Il Tribunale ordinario di Roma, in funzione di giudice del lavoro, ha sollevato questione di legittimità costituzionale dell’art. 2, commi 159 e 161, del decreto-legge 3 ottobre 2006, n. 262 (Disposizioni urgenti in materia tributaria e finanziaria), convertito, con modificazioni, dall’art. 1, comma 1, della legge 24 novembre 2006, n. 286, per violazione degli artt. 97 e 98 della Costituzione. Il comma 159 – modificando il comma 8 dell’art. 19 del d.lgs. n. 165/01 – prevede l’applicazione del c.d. spoils system, anche agli incarichi di funzioni dirigenziali conferiti a personale «non appartenente ai ruoli di cui all’articolo 23» che cessano «decorsi novanta giorni dal voto sulla fiducia al Governo». Il comma 161 stabilisce, invece, che i suddetti incarichi, in sede di prima applicazione della nuova normativa, conferiti prima del 17 maggio 2006, «cessano ove non confermati entro sessanta giorni dalla data di entrata in vigore» dello stesso decreto-legge n. 262 del 2006. L’A.G.O ritiene che tale normativa si ponga in contrasto con gli artt. 97 e 98 Cost., in quanto determina in modo automatico la interruzione del rapporto di lavoro senza alcun momento valutativo.
La Corte Costituzionale dichiara l’illegittimità costituzionale dell’art. 2, comma 161, del decreto-legge 3 ottobre 2006, n. 262 convertito, con modificazioni, dall’art. 1, comma 1, della legge 24 novembre 2006, n. 286, nella parte in cui dispone che gli incarichi conferiti al personale non appartenente ai ruoli di cui all’art. 23 del decreto legislativo 30 marzo 2001, n. 165 «conferiti prima del 17 maggio 2006, cessano ove non confermati entro sessanta giorni dalla data di entrata in vigore del presente decreto».
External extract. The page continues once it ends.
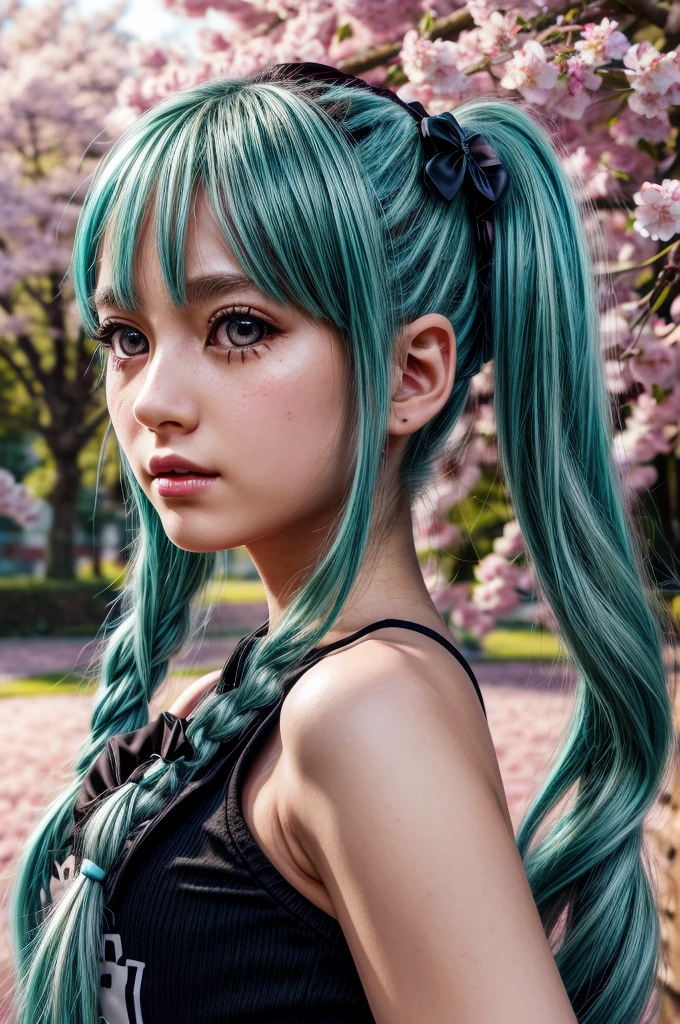 Hatsune Miku, , longues queues jumelles bleues, yeux verts, traits du visage détaillés, Beaux yeux détaillés, belles lèvres détaillées, visage extrêmement détaillé, long cils,  chiffre, Posture debout, contexte scolaire, En plein air, cerisiers en fleurs, lumière du soleil, couleurs vives, éclairage doux, Photoréaliste, 8k, Meilleure qualité, détails complexes, Style animé, art numérique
La norma, prevedendo la immediata cessazione del rapporto dirigenziale alla scadenza del sessantesimo giorno dall’entrata in vigore del decreto-legge n. 262 del 2006, salvo riconferma, configura un meccanismo di spoils system automatico e una tantum illegittimo, in quanto viola i principi costituzionali di buon andamento e imparzialità e «il principio di continuità dell’azione amministrativa che è strettamente correlato a quello di buon andamento dell’azione stessa».
La cessazione anticipata ex lege del rapporto impedisce infatti la verifica della responsabilità dirigenziale sulla base di una valutazione dei risultati che il dirigente deve perseguire, “nel rispetto degli indirizzi posti dal vertice politico, avendo a disposizione un periodo di tempo adeguato, modulato in ragione della peculiarità della singola posizione dirigenziale e del contesto complessivo in cui la stessa è inserita».
Né può salvare la norma dalla dichiarazione di illegittimità costituzionale la tipologia di incarico conferita che nel caso in esame riguarda gli “incarichi conferiti a personale dipendente da “altre” amministrazioni pubbliche (il ricorrente è dirigente «di seconda fascia» appartenente al personale della carriera prefettizia). La natura “esterna” dell’incarico “non costituisce un elemento in grado di diversificare in senso fiduciario il rapporto di lavoro dirigenziale, che deve rimanere caratterizzato, sul piano funzionale, da una netta e chiara separazione tra attività di indirizzo politico-amministrativo e funzioni gestorie”. Anche per i dirigenti “esterni”, infatti, il rapporto di lavoro instaurato con l’amministrazione che attribuisce l’incarico deve essere «connotato da specifiche garanzie, le quali presuppongono che esso sia regolato in modo tale da assicurare la tendenziale continuità dell’azione amministrativa e una chiara distinzione funzionale tra i compiti di indirizzo politico-amministrativo e quelli di gestione».